Posted on 08/13/2024 2:37:41 PM PDT by edwinland
Vice President Kamala Harris’s selection of Minnesota Gov. Tim Walz as her running mate has created an unexpected challenge for Wall Street’s political donors.
Major financial institutions are now grappling with stringent regulations that could limit their employees’ ability to contribute to the Harris-Walz campaign.
At the heart of the issue, reported initially by Business Insider, is the Securities and Exchange Commission’s “pay-to-play” rule, adopted in 2010. The regulation aims to prevent financial firms from influencing politicians through campaign contributions in hopes of securing lucrative government contracts, like managing state pension funds.
(Excerpt) Read more at finance.yahoo.com ...
My conspiracy theory is that this rule was adopted to squash Scott Walker when he was the Republican rising star. It would be a beautiful irony if it comes back to hurt them.
Thank goodness Blackrock is woke/climate friendly so they would have no motive for this kind of bribery.
Thank goodness Blackrock is woke/climate friendly so they would have no motive for this kind of bribery.
As if Rat Party Headquarters cares even a little bit about rules or laws.
Well, well. And people belive they’ll enforce the rule? lolol.
The employees won’t contribute over the limit. Their wives, children, dogs, goldfish, etc. might be a different story.

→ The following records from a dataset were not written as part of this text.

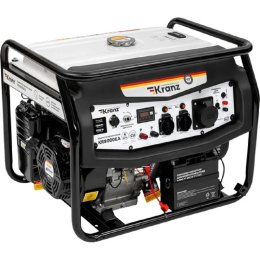 Kranz KR-16-1139 Генератор бензиновый KR8000EA, 8кВт, 25л, коннектор автоматики, электростартер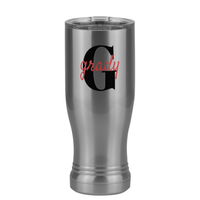 Thumbnail for Personalized Name Over Initial Pilsner Tumbler (14 oz) - Right View
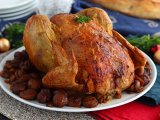 Traditional roasted capon with chestnuts, photo 2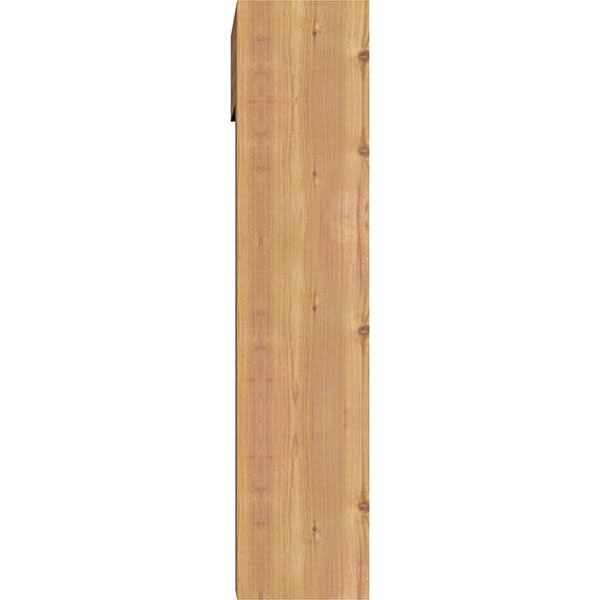 7 1/2x22W x 22x22D x 34x22H Smooth Bracket with Offset Brace, Western Red Cedar V1109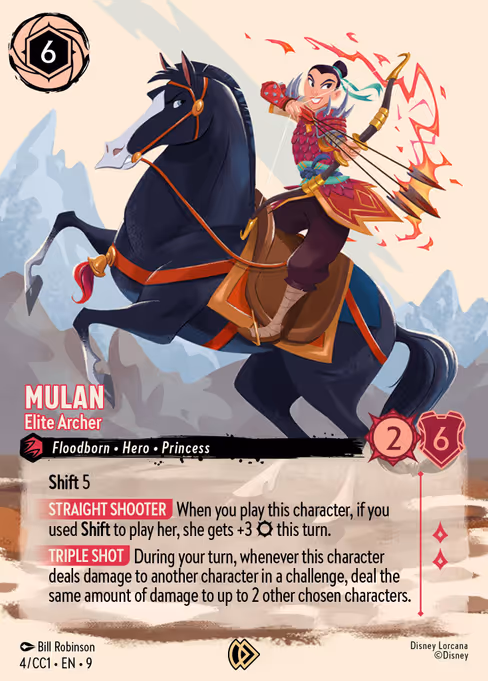 Mulan - Curator's Collection: Heroines Edition Lorcana spoiler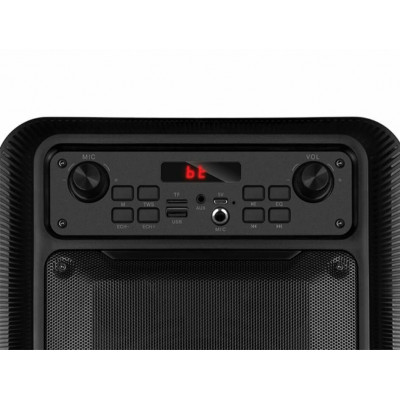 Колонка SVEN PS-400, black (12W, TWS, Bluetooth, FM, USB, microSD, LED-display, 1200mA*h)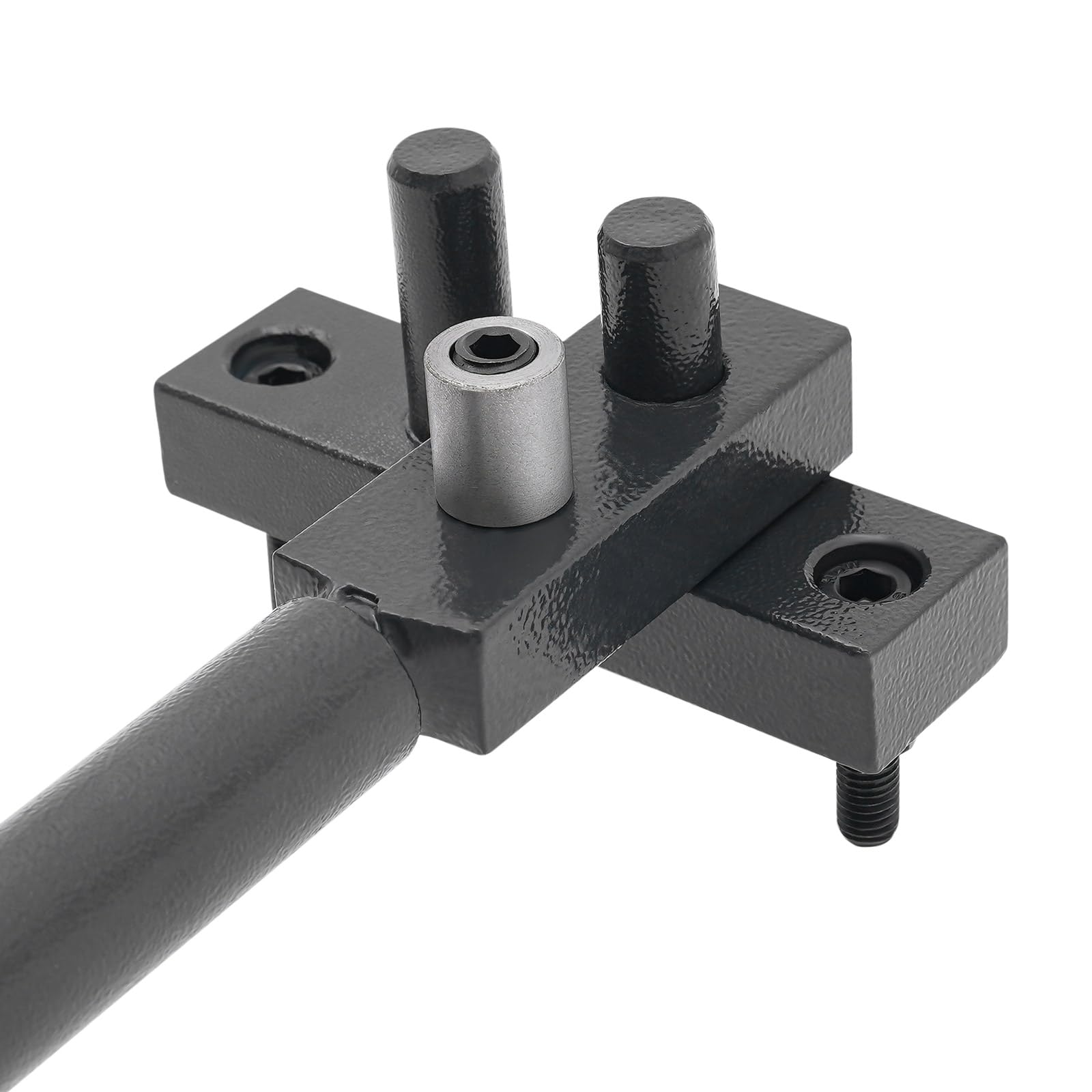 Metallbiegemaschine Handbiegemaschine Biegegerät Metallbiegewerkzeuge für Stahl Maximaler Biegewinkel 190 Grad Durchmesser 12Mm Stahlstange alle Arten von Flachstahl und Stahlstab Verarbeiten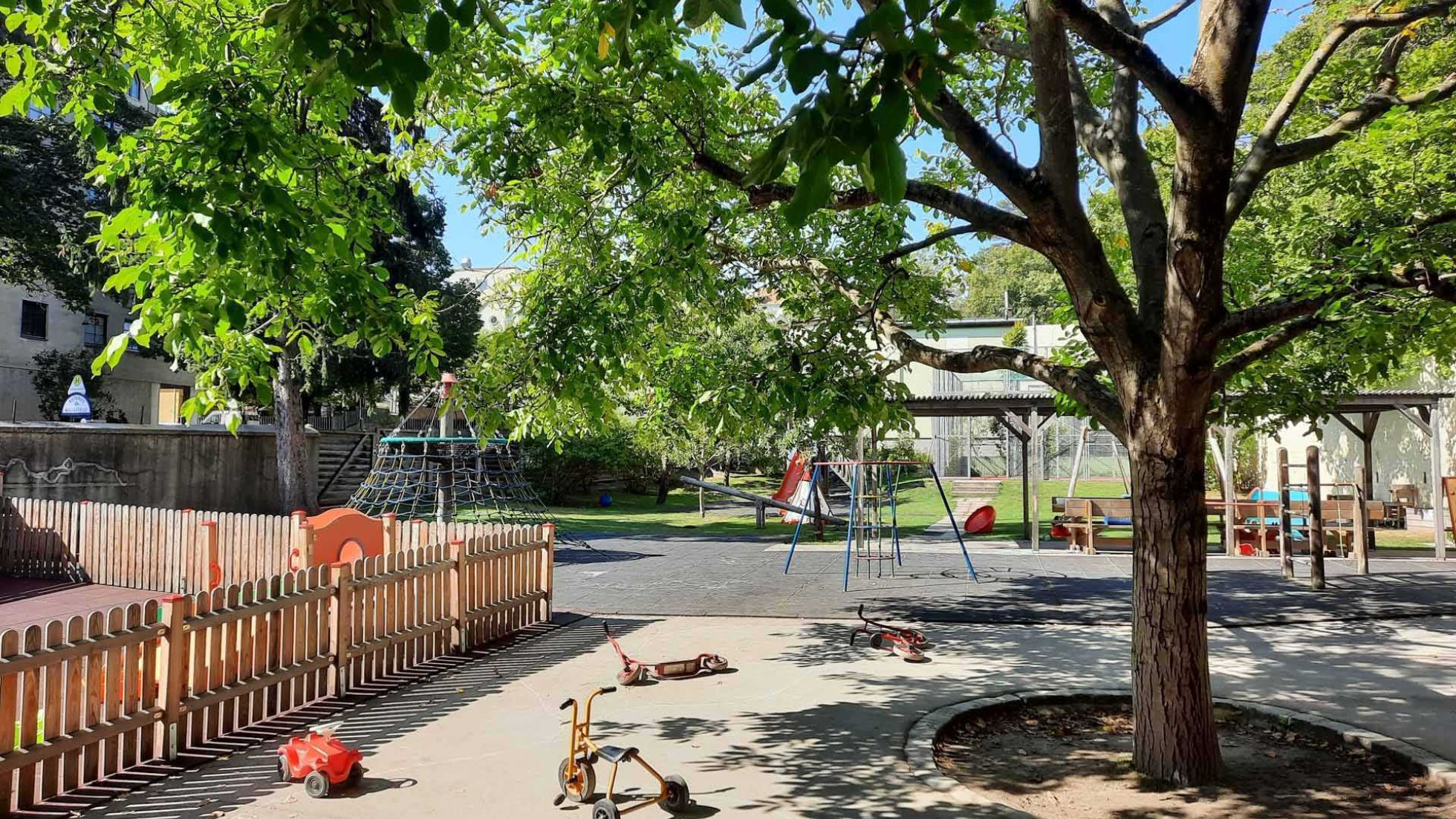 Außenbereich Kindergarten Vitusgasse 2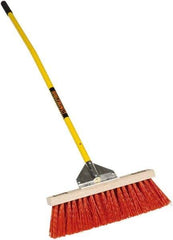 SEYMOUR-MIDWEST - 18" Rough Surface Polypropylene Push Broom - 5-1/2" Bristle Length, Wood Block, Bolt-On Handle Connection, Handle Included - Best Tool & Supply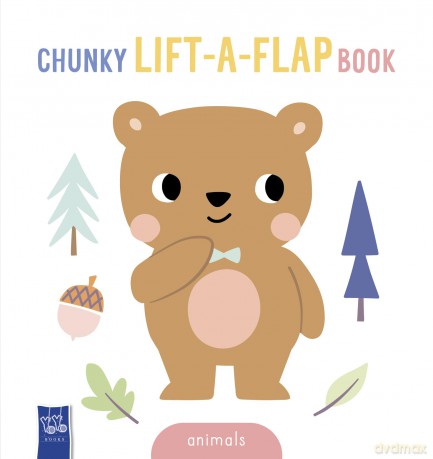 Baby's Chunky Lift-The-Flap: Animals - Yoyo Books [KSIĄŻKA]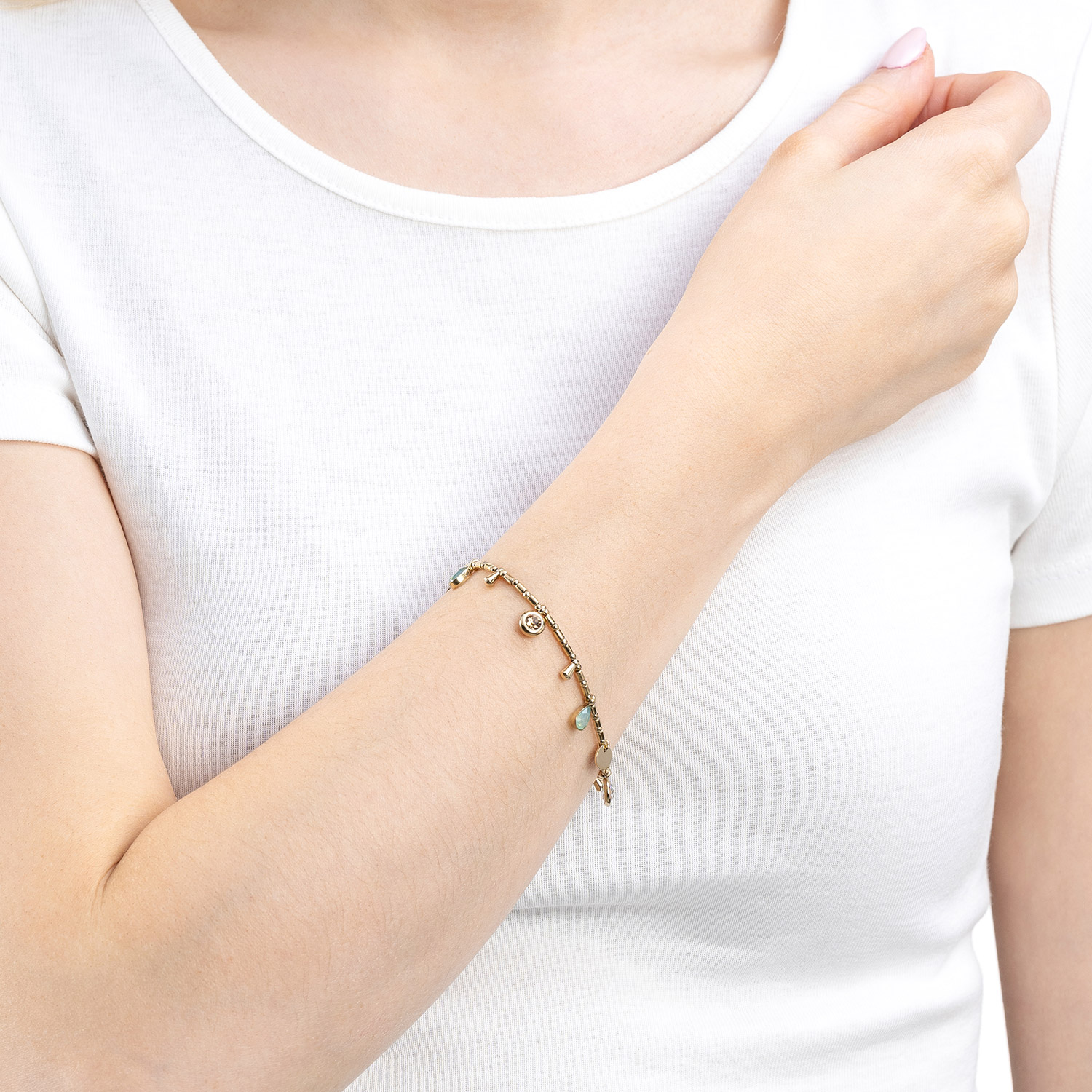 Leonardo Damen-Armband Ella Edelstahl Goldfarben 023544 • uhrcenter 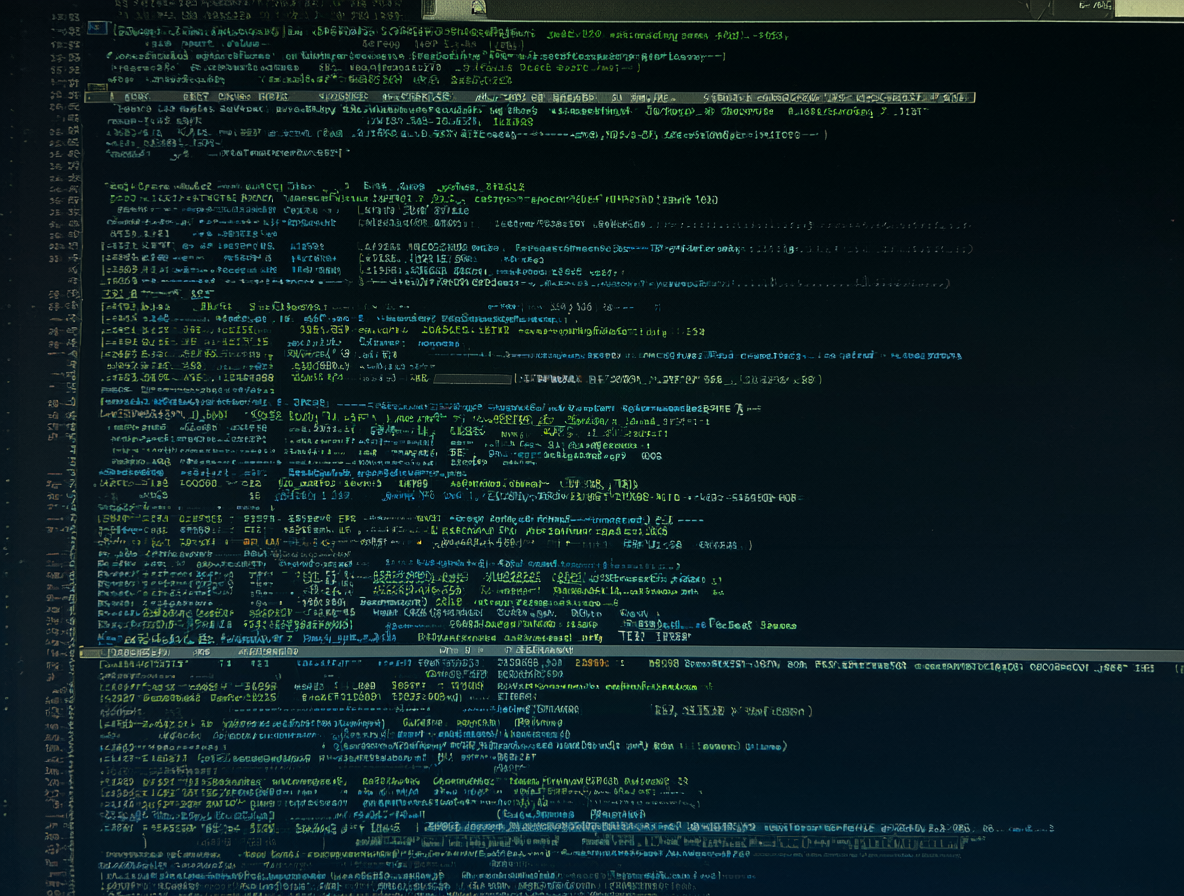 Terminal de computadora mostrando una lista de directorio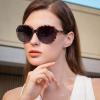 imageCARFIA Large Curved Acetate Polarized Sunglasses for Women UV Protection Retro Fashion Ladies Shades Driving Safety Eyewear63 Tortoise Frame Gradient Grey Lens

Assuming it would be the jurisdiction of the FIBbies, I doubt they’re concerned.
I don’t see this as a big issue. The rule applies to firms seeking municipal business in a state where the recipient Governor can influence the selection of participants, such as underwriters and financial advisors, for a bond transaction. Moreover, it only affects those municipal finance professionals that are involved in a potential transaction. Not all Wall Street firms do municipal business in Minnesota and if they did, only the municipal bankers doing the business are barred from contributing above the limit. Everyone else at the firm can roll the money in to the Harris/Walz coffers.
Which they obviously don’t.
That’s the old rule. Since 2010 if you donate to a gubernatorial campaign in any State you can’t do it supervise any business that has public pension funds (example Calpers) as clients. That is a very large portion of senior wall street positions.
Got it. Thanks. I guess I’m showing my age, having left the industry before that year.
Understood, and anyway the new rule makes no sense ... but it really is applied.